Please repeat exactly the lines below from the one containing "AWA E-6906 User Manual" down to the one containing "CREATE/STONE STUDIO/Sandwichmaker und", both included, and nothing else.

[Items from a dataset]
☆ ☆ ☆ ☆ ☆ ☆ ☆
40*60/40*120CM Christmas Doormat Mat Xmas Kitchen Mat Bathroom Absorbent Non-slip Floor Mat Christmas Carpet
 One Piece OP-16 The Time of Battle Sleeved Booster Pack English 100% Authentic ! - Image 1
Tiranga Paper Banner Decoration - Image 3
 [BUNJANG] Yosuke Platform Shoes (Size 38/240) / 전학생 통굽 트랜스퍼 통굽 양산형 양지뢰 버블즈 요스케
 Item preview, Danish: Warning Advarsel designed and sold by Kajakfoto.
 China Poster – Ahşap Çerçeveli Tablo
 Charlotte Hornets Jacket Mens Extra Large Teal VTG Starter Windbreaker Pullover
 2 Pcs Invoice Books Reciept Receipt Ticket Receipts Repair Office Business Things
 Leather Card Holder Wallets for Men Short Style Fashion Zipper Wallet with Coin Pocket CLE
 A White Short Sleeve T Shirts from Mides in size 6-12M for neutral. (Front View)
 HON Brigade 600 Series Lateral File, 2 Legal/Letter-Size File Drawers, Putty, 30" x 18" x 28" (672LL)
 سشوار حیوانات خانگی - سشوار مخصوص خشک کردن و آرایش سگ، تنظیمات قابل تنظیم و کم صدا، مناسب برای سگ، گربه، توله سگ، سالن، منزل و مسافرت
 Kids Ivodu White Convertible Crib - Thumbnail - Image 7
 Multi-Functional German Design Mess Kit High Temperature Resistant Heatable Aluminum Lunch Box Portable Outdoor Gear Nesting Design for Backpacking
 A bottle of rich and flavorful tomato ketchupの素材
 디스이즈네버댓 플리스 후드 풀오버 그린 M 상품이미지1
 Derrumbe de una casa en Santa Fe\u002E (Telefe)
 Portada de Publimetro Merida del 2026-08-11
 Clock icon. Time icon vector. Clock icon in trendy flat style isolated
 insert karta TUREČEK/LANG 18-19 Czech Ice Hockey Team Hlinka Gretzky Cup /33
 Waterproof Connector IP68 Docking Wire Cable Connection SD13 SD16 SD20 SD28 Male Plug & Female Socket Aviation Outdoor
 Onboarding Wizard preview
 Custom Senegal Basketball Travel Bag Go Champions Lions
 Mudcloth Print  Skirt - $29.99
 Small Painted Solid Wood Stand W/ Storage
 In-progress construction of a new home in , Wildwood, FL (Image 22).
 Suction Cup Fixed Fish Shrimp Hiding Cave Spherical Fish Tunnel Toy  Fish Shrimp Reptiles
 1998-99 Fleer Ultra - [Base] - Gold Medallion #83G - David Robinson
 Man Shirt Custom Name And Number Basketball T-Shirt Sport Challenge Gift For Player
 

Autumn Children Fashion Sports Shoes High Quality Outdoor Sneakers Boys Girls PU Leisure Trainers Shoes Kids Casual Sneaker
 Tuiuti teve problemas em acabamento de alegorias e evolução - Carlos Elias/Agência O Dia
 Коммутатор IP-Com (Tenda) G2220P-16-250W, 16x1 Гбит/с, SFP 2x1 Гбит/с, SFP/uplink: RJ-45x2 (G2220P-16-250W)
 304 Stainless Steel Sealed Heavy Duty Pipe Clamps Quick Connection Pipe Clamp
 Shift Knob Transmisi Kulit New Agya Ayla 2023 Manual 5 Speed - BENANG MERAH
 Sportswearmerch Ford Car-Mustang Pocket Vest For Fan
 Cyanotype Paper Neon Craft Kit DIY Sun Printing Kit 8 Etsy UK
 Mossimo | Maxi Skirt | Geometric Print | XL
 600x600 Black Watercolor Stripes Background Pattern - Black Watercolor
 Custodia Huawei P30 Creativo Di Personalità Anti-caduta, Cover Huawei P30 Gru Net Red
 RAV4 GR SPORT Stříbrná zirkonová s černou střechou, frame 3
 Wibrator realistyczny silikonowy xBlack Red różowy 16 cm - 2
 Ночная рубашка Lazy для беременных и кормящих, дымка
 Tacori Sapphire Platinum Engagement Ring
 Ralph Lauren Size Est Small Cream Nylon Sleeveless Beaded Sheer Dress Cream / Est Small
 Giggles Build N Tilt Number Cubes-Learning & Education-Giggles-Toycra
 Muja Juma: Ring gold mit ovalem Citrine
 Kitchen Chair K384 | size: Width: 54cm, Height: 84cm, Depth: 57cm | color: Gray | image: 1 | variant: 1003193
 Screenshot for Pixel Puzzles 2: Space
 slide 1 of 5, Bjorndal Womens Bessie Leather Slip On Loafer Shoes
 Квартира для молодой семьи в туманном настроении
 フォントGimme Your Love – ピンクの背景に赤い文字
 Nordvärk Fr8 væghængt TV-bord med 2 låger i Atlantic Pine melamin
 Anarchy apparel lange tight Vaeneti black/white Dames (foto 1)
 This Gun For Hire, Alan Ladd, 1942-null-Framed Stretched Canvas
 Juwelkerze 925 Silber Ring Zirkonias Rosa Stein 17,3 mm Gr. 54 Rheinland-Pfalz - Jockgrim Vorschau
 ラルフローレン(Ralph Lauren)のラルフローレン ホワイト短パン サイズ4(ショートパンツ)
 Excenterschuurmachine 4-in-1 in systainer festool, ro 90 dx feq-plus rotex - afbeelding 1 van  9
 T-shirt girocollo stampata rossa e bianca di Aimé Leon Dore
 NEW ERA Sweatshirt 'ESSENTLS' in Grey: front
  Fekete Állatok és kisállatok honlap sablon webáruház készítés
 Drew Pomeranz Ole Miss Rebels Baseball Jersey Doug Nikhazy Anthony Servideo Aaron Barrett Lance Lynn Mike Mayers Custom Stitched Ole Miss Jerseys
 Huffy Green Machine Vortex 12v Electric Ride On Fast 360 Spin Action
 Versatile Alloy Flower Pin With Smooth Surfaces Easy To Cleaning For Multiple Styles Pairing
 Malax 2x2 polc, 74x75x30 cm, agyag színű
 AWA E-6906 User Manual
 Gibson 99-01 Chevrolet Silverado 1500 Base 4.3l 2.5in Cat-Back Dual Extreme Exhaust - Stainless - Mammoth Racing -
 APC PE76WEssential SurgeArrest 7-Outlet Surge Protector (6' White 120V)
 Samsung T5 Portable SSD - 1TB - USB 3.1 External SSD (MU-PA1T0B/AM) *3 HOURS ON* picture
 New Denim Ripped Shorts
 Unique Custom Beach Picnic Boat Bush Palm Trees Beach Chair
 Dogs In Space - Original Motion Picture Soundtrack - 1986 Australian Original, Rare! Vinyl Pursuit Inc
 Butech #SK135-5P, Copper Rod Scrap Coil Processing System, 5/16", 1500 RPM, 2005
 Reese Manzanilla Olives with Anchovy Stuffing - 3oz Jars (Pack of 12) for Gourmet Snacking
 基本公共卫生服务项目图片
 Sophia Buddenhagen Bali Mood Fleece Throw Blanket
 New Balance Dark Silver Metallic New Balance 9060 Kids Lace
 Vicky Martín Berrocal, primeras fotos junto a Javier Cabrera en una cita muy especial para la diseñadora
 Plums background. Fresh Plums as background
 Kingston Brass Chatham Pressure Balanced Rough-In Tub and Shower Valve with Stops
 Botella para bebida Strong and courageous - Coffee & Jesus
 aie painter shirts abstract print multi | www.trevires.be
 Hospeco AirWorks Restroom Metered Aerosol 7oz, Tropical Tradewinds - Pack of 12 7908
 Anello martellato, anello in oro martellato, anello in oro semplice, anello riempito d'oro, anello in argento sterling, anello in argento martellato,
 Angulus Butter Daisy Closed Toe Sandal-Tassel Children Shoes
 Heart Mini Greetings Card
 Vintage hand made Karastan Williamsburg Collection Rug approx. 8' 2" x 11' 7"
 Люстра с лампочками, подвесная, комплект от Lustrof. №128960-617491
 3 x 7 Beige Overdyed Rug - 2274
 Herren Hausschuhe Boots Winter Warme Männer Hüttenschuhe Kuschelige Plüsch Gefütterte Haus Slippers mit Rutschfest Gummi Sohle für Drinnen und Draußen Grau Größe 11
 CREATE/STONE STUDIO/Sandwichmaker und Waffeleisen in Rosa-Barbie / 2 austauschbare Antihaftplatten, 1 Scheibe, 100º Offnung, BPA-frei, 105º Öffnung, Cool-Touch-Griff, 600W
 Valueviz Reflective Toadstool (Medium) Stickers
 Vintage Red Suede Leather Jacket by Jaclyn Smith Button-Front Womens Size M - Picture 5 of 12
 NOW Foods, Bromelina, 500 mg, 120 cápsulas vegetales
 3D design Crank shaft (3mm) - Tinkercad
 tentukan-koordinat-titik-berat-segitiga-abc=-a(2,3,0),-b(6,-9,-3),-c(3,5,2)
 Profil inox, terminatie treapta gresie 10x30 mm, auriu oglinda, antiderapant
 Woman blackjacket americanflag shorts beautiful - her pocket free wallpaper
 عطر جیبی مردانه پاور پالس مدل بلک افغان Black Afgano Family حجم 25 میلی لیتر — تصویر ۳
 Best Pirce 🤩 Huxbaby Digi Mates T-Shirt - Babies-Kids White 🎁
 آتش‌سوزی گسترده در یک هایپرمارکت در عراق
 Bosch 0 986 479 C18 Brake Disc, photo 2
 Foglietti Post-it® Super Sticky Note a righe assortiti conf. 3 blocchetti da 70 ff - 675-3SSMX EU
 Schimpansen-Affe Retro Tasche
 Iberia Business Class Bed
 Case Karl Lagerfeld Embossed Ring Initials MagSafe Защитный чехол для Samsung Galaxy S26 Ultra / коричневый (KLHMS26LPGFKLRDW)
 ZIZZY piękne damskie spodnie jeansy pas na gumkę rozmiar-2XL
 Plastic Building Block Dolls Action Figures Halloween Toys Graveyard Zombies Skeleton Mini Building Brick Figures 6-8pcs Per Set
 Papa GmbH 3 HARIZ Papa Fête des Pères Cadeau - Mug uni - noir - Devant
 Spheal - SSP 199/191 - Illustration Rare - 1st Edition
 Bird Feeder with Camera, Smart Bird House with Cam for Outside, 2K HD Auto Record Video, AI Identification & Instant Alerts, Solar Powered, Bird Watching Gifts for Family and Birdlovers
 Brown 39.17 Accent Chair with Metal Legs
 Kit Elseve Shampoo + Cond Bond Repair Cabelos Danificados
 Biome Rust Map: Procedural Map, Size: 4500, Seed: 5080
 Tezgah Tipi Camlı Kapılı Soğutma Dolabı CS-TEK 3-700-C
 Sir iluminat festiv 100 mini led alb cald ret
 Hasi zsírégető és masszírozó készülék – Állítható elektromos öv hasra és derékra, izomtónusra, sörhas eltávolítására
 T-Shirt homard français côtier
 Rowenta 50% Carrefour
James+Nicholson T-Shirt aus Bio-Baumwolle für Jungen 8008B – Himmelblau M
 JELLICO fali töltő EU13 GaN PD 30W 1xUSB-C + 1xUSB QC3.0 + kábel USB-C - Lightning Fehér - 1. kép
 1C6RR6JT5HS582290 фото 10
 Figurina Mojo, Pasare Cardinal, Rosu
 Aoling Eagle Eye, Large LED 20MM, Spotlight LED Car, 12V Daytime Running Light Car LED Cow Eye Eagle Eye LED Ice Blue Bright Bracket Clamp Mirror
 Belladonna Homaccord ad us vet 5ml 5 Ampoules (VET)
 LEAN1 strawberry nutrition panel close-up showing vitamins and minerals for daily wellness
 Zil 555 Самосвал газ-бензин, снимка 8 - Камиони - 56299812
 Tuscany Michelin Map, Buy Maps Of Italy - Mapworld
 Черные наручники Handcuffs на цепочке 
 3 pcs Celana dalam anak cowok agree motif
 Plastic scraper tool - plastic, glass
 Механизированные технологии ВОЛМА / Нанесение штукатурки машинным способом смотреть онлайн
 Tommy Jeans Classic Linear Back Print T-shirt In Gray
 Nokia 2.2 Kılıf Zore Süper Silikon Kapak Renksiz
☆ ☆ ☆ ☆ ☆ ☆ ☆
(ANSWER TO THE PROBLEM):
 AWA E-6906 User Manual
 Gibson 99-01 Chevrolet Silverado 1500 Base 4.3l 2.5in Cat-Back Dual Extreme Exhaust - Stainless - Mammoth Racing -
 APC PE76WEssential SurgeArrest 7-Outlet Surge Protector (6' White 120V)
 Samsung T5 Portable SSD - 1TB - USB 3.1 External SSD (MU-PA1T0B/AM) *3 HOURS ON* picture
 New Denim Ripped Shorts
 Unique Custom Beach Picnic Boat Bush Palm Trees Beach Chair
 Dogs In Space - Original Motion Picture Soundtrack - 1986 Australian Original, Rare! Vinyl Pursuit Inc
 Butech #SK135-5P, Copper Rod Scrap Coil Processing System, 5/16", 1500 RPM, 2005
 Reese Manzanilla Olives with Anchovy Stuffing - 3oz Jars (Pack of 12) for Gourmet Snacking
 基本公共卫生服务项目图片
 Sophia Buddenhagen Bali Mood Fleece Throw Blanket
 New Balance Dark Silver Metallic New Balance 9060 Kids Lace
 Vicky Martín Berrocal, primeras fotos junto a Javier Cabrera en una cita muy especial para la diseñadora
 Plums background. Fresh Plums as background
 Kingston Brass Chatham Pressure Balanced Rough-In Tub and Shower Valve with Stops
 Botella para bebida Strong and courageous - Coffee & Jesus
 aie painter shirts abstract print multi | www.trevires.be
 Hospeco AirWorks Restroom Metered Aerosol 7oz, Tropical Tradewinds - Pack of 12 7908
 Anello martellato, anello in oro martellato, anello in oro semplice, anello riempito d'oro, anello in argento sterling, anello in argento martellato,
 Angulus Butter Daisy Closed Toe Sandal-Tassel Children Shoes
 Heart Mini Greetings Card
 Vintage hand made Karastan Williamsburg Collection Rug approx. 8' 2" x 11' 7"
 Люстра с лампочками, подвесная, комплект от Lustrof. №128960-617491
 3 x 7 Beige Overdyed Rug - 2274
 Herren Hausschuhe Boots Winter Warme Männer Hüttenschuhe Kuschelige Plüsch Gefütterte Haus Slippers mit Rutschfest Gummi Sohle für Drinnen und Draußen Grau Größe 11
 CREATE/STONE STUDIO/Sandwichmaker und Waffeleisen in Rosa-Barbie / 2 austauschbare Antihaftplatten, 1 Scheibe, 100º Offnung, BPA-frei, 105º Öffnung, Cool-Touch-Griff, 600W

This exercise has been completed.